I would love to see her with wings and maybe mating with Tybalt. The H.masjusculas are a beautiful species as adults. Tybalt is just a pefect mantis with his looks.


----------



## Mantis Lady

Tybalt is restless walking in his home sometimes. I think it is the urge that he wants to mate. But Ayaweya is still in her "teens" Poor guy.

Ayaweya isn't peparing yet, she is eating a small grasshopper


----------



## hysteresis

Hope she moves along a bit, hey?


----------



## Mantis Lady

I have put Ayaweya in a bigger enclosure to give her some room to lay an ooth,  if she has done it, I can put her back in her own home.
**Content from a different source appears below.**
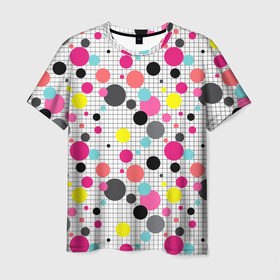 Мужская футболка 3D с принтом Горох разноцветный. , 100% полиэфир | прямой крой, круглый вырез горловины, длина до линии бедер | абстрактный | в горошек | горох | детский | клетчатый | разноцветный горох | современный | узор в клетку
A few days ago i was looking at tybalt. His eyes has turned darker like you can see on the pic I made of him when he had his out time.






The second gastica molted too. They both are L3 but they have some size difference. 1 molt to go to see what gender they are


----------



## Mantis Lady

Can someone tell me why Tybalt has those spots on his eyes? I have never seen it before.


----------



## MantisGirl13

Could be eye rub or night eyes.

- MantisGirl13


----------



## Mantis Lady

It is not night eyes. The lights are on and all other mantids have "day" eyes. eye rub  cam he get that bumbing his head to stuff? Could that be it? He has restless periods when he is walking in his home like I want to get out. (think he wants to look for a mate)


----------



## MantisGirl13

Ok. It is probably eye rub then. If he is bumping against stuff then that could damage his eyes like that.

- MantisGirl13


----------



## Mantis Lady

I hope he won't loose his sight.


----------



## MantisGirl13

He shouldn't. It's just a mark on the outside of the eye, it shouldn't affect anything inside.

- MantisGirl13


----------



## Mantis Lady

Good to know  Too bad Ayaweya can't help him with his urge to get out and mate. I can't let him roam freely here with a dog in my home.

Aurene eating a grasshopper. you can see her mandibles clearly  she is soo fat en still being hungry. Unbelievelble. I hope she will lay an ooth soon.

.





Spooky here eating her dinner. The Grasshopper fought for its life.. It was trying to jump free. But Spooky won.


----------



## MantisGirl13

So pretty! 

- MantisGirl13


----------



## Mantis Lady

It is nice weather today and I was in my garden. The temperature is nice too, so i took Aurene out to let her enjoy being outside and sun. I hope it will trigger her to lay an ooth. She is very fat and I hope she will lay one soon...


----------



## Mantis Lady

I have sad news: Tybalt is dying. I found him on the floor of his home. Too bad he never had the chance to mate.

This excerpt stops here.